- PROBLEM STATEMENT: Please repeat the data in full, character for character.

▼

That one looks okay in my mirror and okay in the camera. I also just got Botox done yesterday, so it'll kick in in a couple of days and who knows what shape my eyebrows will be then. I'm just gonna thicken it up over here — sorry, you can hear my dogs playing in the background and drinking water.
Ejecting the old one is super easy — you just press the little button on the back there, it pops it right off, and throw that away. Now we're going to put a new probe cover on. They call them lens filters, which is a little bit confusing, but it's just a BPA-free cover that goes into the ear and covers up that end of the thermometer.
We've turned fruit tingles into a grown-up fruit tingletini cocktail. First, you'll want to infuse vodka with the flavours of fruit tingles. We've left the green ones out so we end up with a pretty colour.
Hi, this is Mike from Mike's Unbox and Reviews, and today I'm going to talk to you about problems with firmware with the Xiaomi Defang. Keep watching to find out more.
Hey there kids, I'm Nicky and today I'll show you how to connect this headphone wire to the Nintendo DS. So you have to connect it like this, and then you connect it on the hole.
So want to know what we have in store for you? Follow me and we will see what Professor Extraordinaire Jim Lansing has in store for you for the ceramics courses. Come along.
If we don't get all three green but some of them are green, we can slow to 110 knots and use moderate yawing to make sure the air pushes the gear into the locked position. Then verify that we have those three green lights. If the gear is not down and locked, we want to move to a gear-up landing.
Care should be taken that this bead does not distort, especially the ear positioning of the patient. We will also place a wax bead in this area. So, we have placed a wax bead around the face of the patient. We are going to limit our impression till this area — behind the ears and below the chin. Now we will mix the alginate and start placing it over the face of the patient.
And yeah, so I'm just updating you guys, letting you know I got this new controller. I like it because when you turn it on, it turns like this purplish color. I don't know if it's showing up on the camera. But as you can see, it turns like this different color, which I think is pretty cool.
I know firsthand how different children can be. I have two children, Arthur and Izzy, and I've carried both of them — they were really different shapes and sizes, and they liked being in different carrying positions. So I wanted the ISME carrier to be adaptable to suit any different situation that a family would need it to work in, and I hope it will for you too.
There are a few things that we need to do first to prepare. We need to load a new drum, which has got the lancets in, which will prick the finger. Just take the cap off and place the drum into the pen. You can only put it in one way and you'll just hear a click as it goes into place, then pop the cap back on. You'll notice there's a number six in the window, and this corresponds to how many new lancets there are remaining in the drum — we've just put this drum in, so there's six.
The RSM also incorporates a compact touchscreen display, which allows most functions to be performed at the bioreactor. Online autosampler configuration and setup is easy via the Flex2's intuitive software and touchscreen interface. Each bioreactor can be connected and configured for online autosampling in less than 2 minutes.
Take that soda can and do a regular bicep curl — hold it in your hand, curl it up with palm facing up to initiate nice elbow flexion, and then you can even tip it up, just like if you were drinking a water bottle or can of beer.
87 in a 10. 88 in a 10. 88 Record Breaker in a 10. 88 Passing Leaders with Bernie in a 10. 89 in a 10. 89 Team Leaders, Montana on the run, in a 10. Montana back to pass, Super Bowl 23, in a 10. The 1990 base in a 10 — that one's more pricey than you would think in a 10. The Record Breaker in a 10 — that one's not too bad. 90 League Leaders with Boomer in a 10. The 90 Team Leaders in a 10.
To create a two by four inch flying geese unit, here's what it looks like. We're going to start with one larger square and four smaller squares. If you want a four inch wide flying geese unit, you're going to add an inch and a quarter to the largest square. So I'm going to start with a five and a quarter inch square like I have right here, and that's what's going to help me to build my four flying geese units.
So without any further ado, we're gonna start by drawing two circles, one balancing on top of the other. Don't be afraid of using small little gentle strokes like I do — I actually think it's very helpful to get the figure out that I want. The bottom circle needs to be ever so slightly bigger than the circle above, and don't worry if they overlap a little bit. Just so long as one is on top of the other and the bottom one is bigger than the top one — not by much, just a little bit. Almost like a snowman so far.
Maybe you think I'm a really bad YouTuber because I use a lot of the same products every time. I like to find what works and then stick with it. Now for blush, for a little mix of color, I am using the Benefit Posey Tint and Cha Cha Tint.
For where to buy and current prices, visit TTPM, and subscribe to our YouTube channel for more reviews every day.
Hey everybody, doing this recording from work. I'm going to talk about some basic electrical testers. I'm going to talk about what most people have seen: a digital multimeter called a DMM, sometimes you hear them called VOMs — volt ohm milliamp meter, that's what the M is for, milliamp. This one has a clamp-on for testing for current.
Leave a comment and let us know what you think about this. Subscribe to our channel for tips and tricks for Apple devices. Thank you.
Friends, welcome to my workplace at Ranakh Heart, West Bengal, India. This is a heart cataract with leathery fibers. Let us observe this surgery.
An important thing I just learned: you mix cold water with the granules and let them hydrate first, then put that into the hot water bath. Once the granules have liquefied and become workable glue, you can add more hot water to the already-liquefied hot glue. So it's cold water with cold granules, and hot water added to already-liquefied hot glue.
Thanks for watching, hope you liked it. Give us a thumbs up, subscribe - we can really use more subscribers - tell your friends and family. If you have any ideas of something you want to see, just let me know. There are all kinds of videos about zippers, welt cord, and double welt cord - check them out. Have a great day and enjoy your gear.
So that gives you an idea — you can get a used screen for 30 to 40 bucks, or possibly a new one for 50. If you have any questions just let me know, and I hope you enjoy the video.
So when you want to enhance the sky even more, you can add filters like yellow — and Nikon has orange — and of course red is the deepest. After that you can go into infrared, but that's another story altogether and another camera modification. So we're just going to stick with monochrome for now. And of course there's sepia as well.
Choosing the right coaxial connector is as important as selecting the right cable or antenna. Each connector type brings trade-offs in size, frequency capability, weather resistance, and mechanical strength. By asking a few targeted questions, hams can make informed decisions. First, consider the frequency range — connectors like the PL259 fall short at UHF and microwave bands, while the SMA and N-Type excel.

▲

- OUTPUT BELOW:
That one looks okay in my mirror and okay in the camera. I also just got Botox done yesterday, so it'll kick in in a couple of days and who knows what shape my eyebrows will be then. I'm just gonna thicken it up over here — sorry, you can hear my dogs playing in the background and drinking water.
Ejecting the old one is super easy — you just press the little button on the back there, it pops it right off, and throw that away. Now we're going to put a new probe cover on. They call them lens filters, which is a little bit confusing, but it's just a BPA-free cover that goes into the ear and covers up that end of the thermometer.
We've turned fruit tingles into a grown-up fruit tingletini cocktail. First, you'll want to infuse vodka with the flavours of fruit tingles. We've left the green ones out so we end up with a pretty colour.
Hi, this is Mike from Mike's Unbox and Reviews, and today I'm going to talk to you about problems with firmware with the Xiaomi Defang. Keep watching to find out more.
Hey there kids, I'm Nicky and today I'll show you how to connect this headphone wire to the Nintendo DS. So you have to connect it like this, and then you connect it on the hole.
So want to know what we have in store for you? Follow me and we will see what Professor Extraordinaire Jim Lansing has in store for you for the ceramics courses. Come along.
If we don't get all three green but some of them are green, we can slow to 110 knots and use moderate yawing to make sure the air pushes the gear into the locked position. Then verify that we have those three green lights. If the gear is not down and locked, we want to move to a gear-up landing.
Care should be taken that this bead does not distort, especially the ear positioning of the patient. We will also place a wax bead in this area. So, we have placed a wax bead around the face of the patient. We are going to limit our impression till this area — behind the ears and below the chin. Now we will mix the alginate and start placing it over the face of the patient.
And yeah, so I'm just updating you guys, letting you know I got this new controller. I like it because when you turn it on, it turns like this purplish color. I don't know if it's showing up on the camera. But as you can see, it turns like this different color, which I think is pretty cool.
I know firsthand how different children can be. I have two children, Arthur and Izzy, and I've carried both of them — they were really different shapes and sizes, and they liked being in different carrying positions. So I wanted the ISME carrier to be adaptable to suit any different situation that a family would need it to work in, and I hope it will for you too.
There are a few things that we need to do first to prepare. We need to load a new drum, which has got the lancets in, which will prick the finger. Just take the cap off and place the drum into the pen. You can only put it in one way and you'll just hear a click as it goes into place, then pop the cap back on. You'll notice there's a number six in the window, and this corresponds to how many new lancets there are remaining in the drum — we've just put this drum in, so there's six.
The RSM also incorporates a compact touchscreen display, which allows most functions to be performed at the bioreactor. Online autosampler configuration and setup is easy via the Flex2's intuitive software and touchscreen interface. Each bioreactor can be connected and configured for online autosampling in less than 2 minutes.
Take that soda can and do a regular bicep curl — hold it in your hand, curl it up with palm facing up to initiate nice elbow flexion, and then you can even tip it up, just like if you were drinking a water bottle or can of beer.
87 in a 10. 88 in a 10. 88 Record Breaker in a 10. 88 Passing Leaders with Bernie in a 10. 89 in a 10. 89 Team Leaders, Montana on the run, in a 10. Montana back to pass, Super Bowl 23, in a 10. The 1990 base in a 10 — that one's more pricey than you would think in a 10. The Record Breaker in a 10 — that one's not too bad. 90 League Leaders with Boomer in a 10. The 90 Team Leaders in a 10.
To create a two by four inch flying geese unit, here's what it looks like. We're going to start with one larger square and four smaller squares. If you want a four inch wide flying geese unit, you're going to add an inch and a quarter to the largest square. So I'm going to start with a five and a quarter inch square like I have right here, and that's what's going to help me to build my four flying geese units.
So without any further ado, we're gonna start by drawing two circles, one balancing on top of the other. Don't be afraid of using small little gentle strokes like I do — I actually think it's very helpful to get the figure out that I want. The bottom circle needs to be ever so slightly bigger than the circle above, and don't worry if they overlap a little bit. Just so long as one is on top of the other and the bottom one is bigger than the top one — not by much, just a little bit. Almost like a snowman so far.
Maybe you think I'm a really bad YouTuber because I use a lot of the same products every time. I like to find what works and then stick with it. Now for blush, for a little mix of color, I am using the Benefit Posey Tint and Cha Cha Tint.
For where to buy and current prices, visit TTPM, and subscribe to our YouTube channel for more reviews every day.
Hey everybody, doing this recording from work. I'm going to talk about some basic electrical testers. I'm going to talk about what most people have seen: a digital multimeter called a DMM, sometimes you hear them called VOMs — volt ohm milliamp meter, that's what the M is for, milliamp. This one has a clamp-on for testing for current.
Leave a comment and let us know what you think about this. Subscribe to our channel for tips and tricks for Apple devices. Thank you.
Friends, welcome to my workplace at Ranakh Heart, West Bengal, India. This is a heart cataract with leathery fibers. Let us observe this surgery.
An important thing I just learned: you mix cold water with the granules and let them hydrate first, then put that into the hot water bath. Once the granules have liquefied and become workable glue, you can add more hot water to the already-liquefied hot glue. So it's cold water with cold granules, and hot water added to already-liquefied hot glue.
Thanks for watching, hope you liked it. Give us a thumbs up, subscribe - we can really use more subscribers - tell your friends and family. If you have any ideas of something you want to see, just let me know. There are all kinds of videos about zippers, welt cord, and double welt cord - check them out. Have a great day and enjoy your gear.
So that gives you an idea — you can get a used screen for 30 to 40 bucks, or possibly a new one for 50. If you have any questions just let me know, and I hope you enjoy the video.
So when you want to enhance the sky even more, you can add filters like yellow — and Nikon has orange — and of course red is the deepest. After that you can go into infrared, but that's another story altogether and another camera modification. So we're just going to stick with monochrome for now. And of course there's sepia as well.
Choosing the right coaxial connector is as important as selecting the right cable or antenna. Each connector type brings trade-offs in size, frequency capability, weather resistance, and mechanical strength. By asking a few targeted questions, hams can make informed decisions. First, consider the frequency range — connectors like the PL259 fall short at UHF and microwave bands, while the SMA and N-Type excel.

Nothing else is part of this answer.